Collected data entries
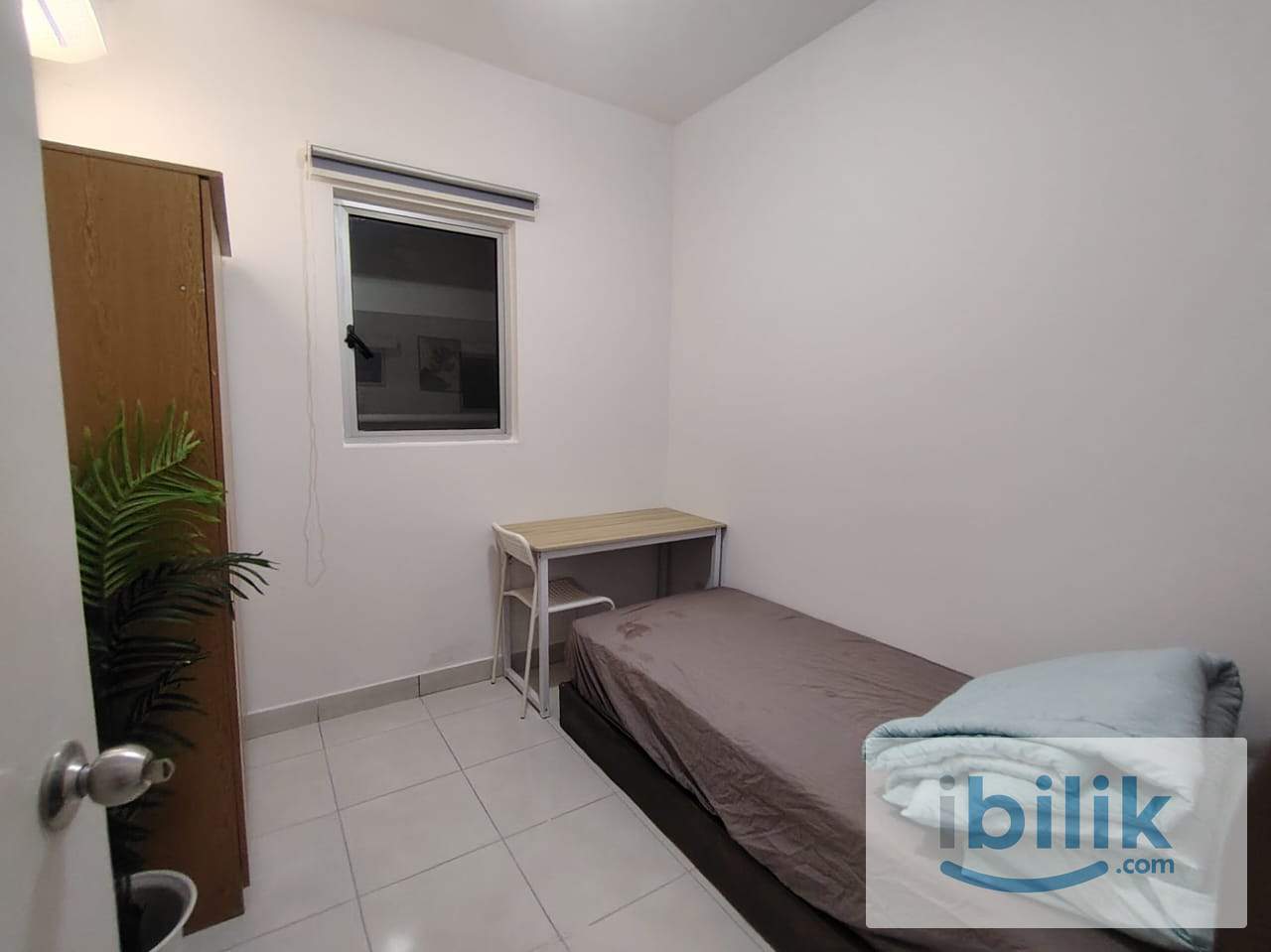 🎯NEAR RAPID KL BUS 🍀 Residensi Riamas, Single Room Fully Furnished @ NEW Aircond Wardrobe Table Chair Mattress - Image 1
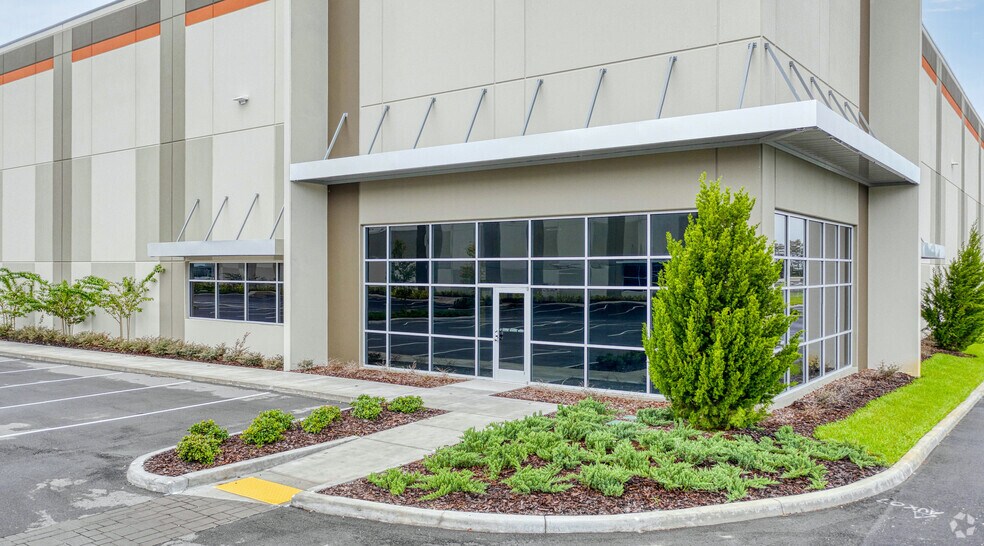 1021 Crews Commerce Dr, Orlando, FL à louer - Photo du bâtiment - Image 2 de 5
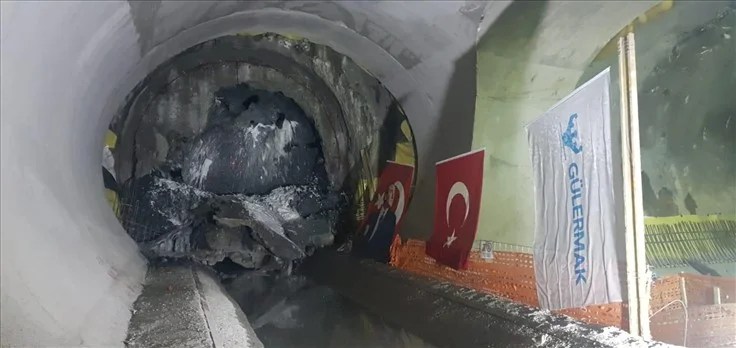 Metro Tüneli Narlıdere İstasyonu ile Buluştu - KiraHaber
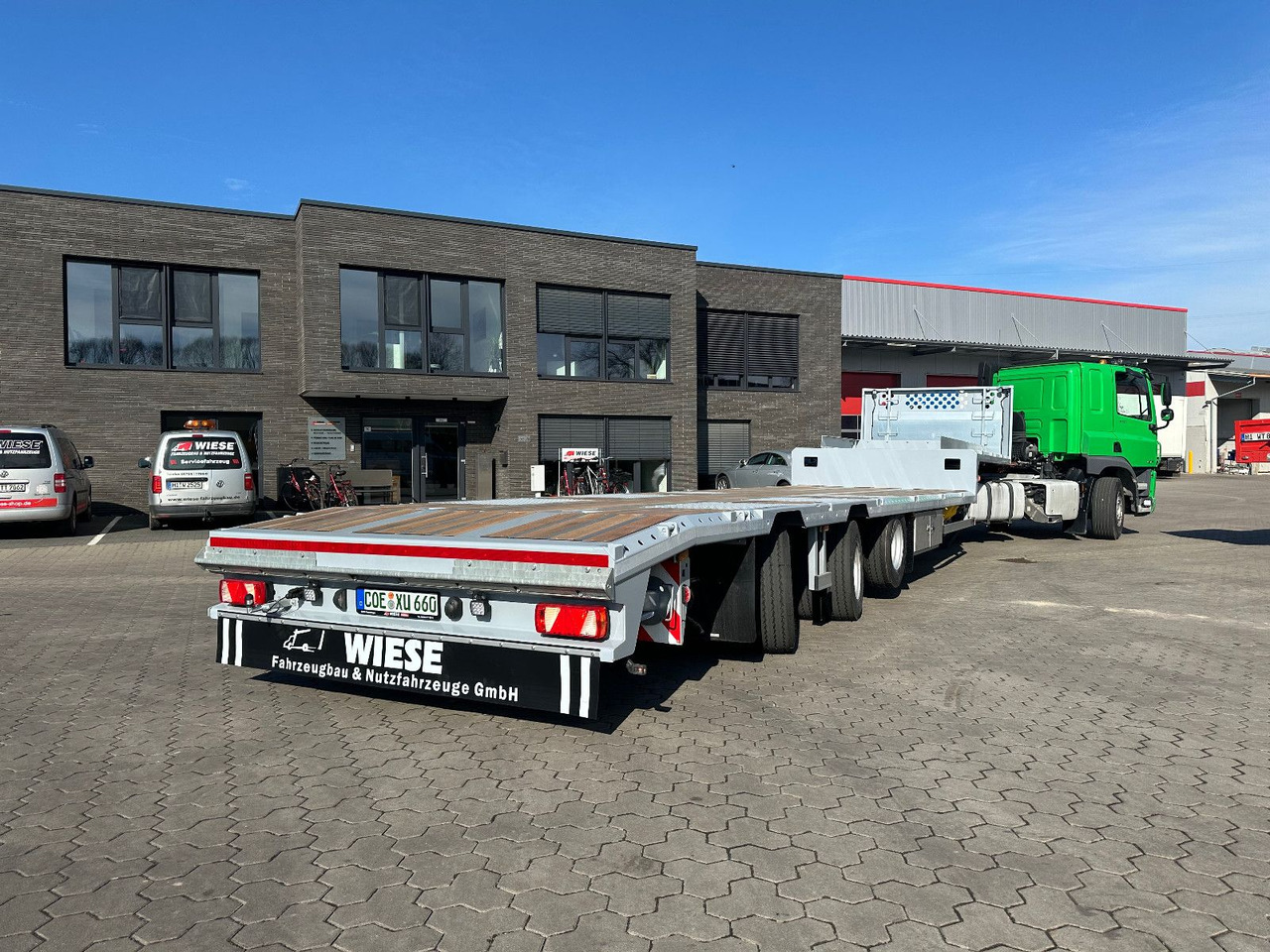 Tieflader Zwangslenkung Betonteile Fertigteile - Dieplader oplegger: afbeelding 1 Tieflader Zwangslenkung Betonteile Fertigteile - Dieplader oplegger: afbeelding 1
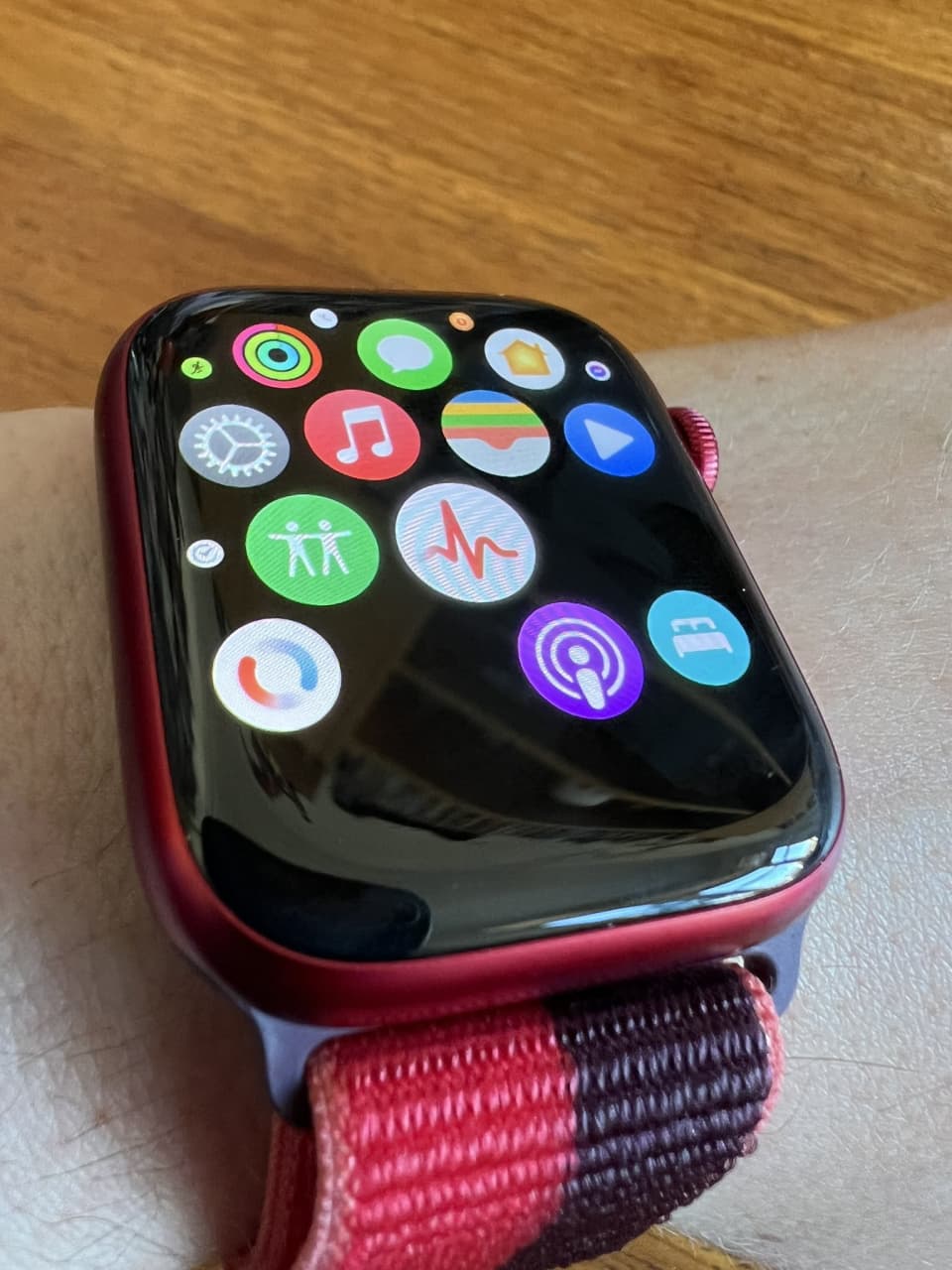 صورة أيقونات التطبيقات التابعة للجهات الخارجية لا تظهر على Apple Watch Series 7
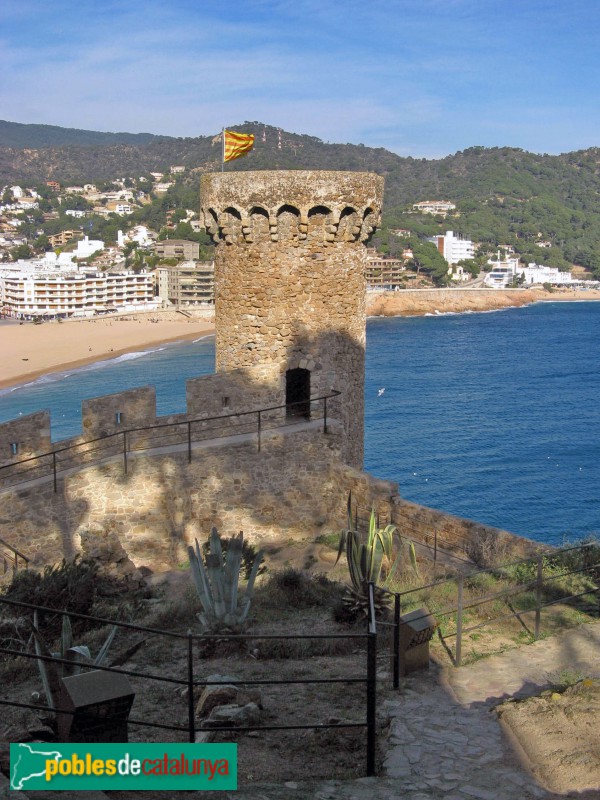 Tossa de Mar - Torre de Joanàs (Foto: Albert Esteves, 2011) Tossa de Mar - Torre de Joanàs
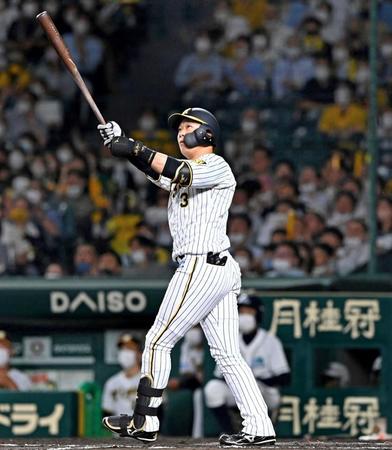 　８回、３本目となる１２号ソロを放つ大山（撮影・飯室逸平）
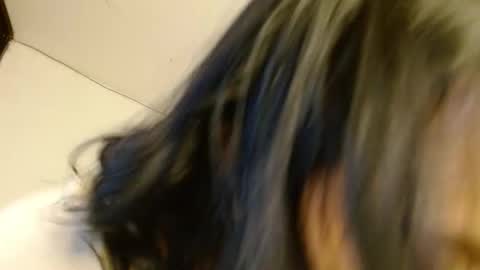 Eva online show from 11-28-25, 03:53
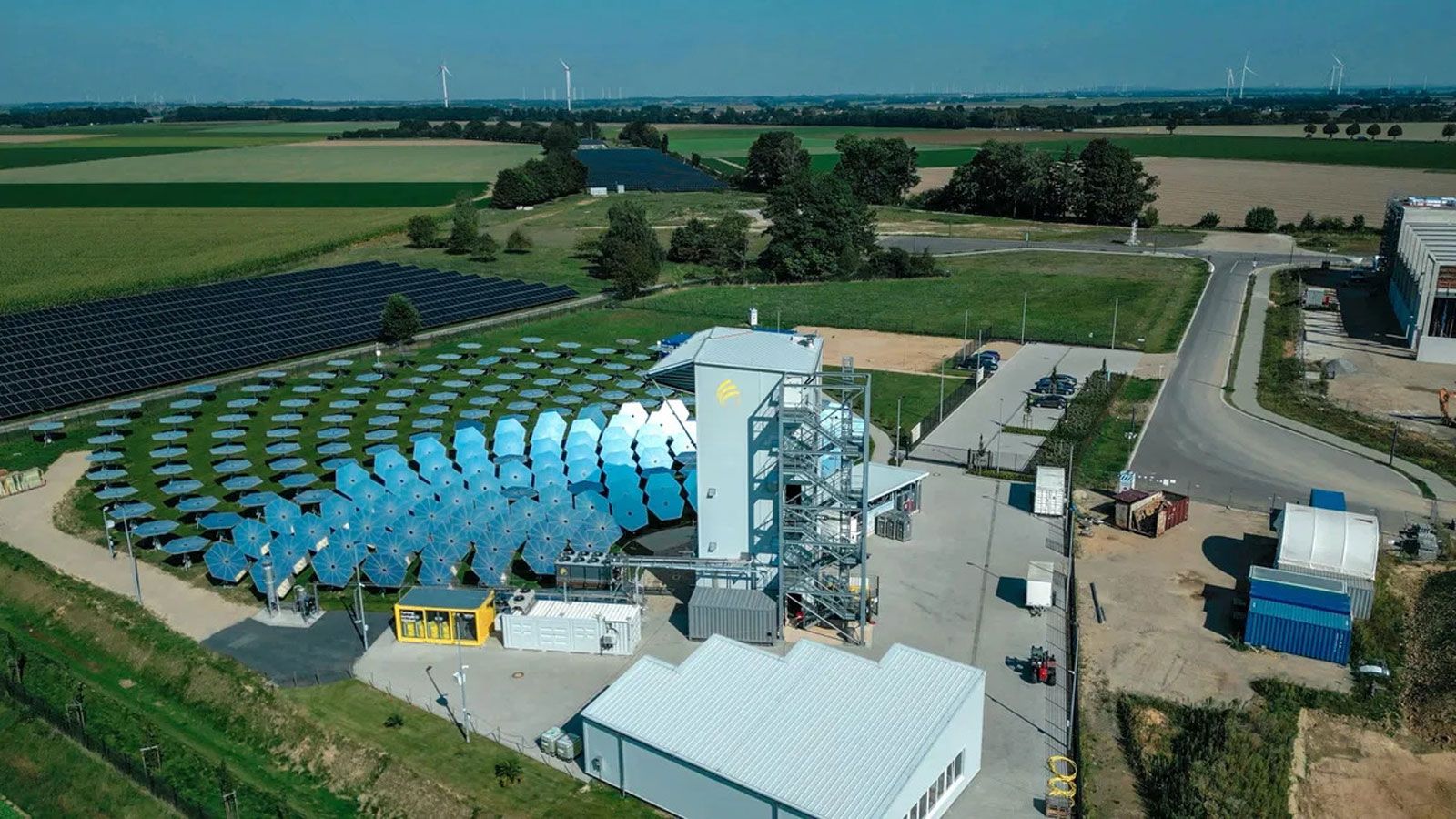 Η Synhelion δηλώνει ότι η «ηλιακή βενζίνη» είναι drop-in fuel, δηλαδή λειτουργεί όπως η βενζίνη του πρατηρίου, χωρίς ανάγκη για νέους κινητήρες ή εξει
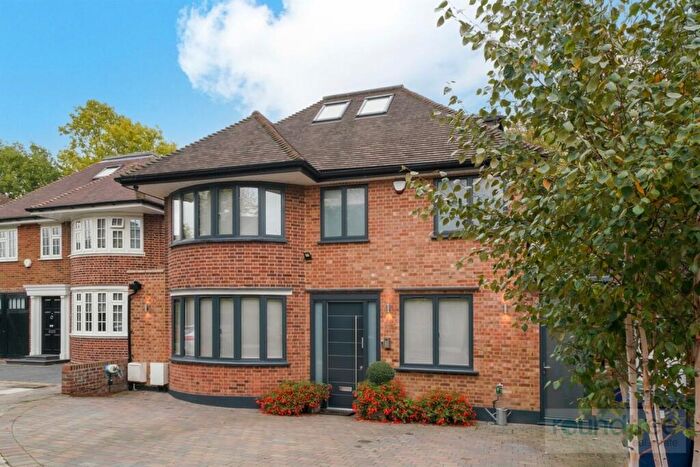 6 Bedroom Detached House For Sale In Danescroft Gardens, Hendon, NW4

> [What to do]
Transcribe the lines that run from the line bearing "صورة أيقونات التطبيقات" through the last line of the data. Keep the wording exact and leave out every picture.

> [Solution to the problem]
 صورة أيقونات التطبيقات التابعة للجهات الخارجية لا تظهر على Apple Watch Series 7
 Tossa de Mar - Torre de Joanàs (Foto: Albert Esteves, 2011) Tossa de Mar - Torre de Joanàs
 　８回、３本目となる１２号ソロを放つ大山（撮影・飯室逸平）
 Eva online show from 11-28-25, 03:53
 Η Synhelion δηλώνει ότι η «ηλιακή βενζίνη» είναι drop-in fuel, δηλαδή λειτουργεί όπως η βενζίνη του πρατηρίου, χωρίς ανάγκη για νέους κινητήρες ή εξει
 6 Bedroom Detached House For Sale In Danescroft Gardens, Hendon, NW4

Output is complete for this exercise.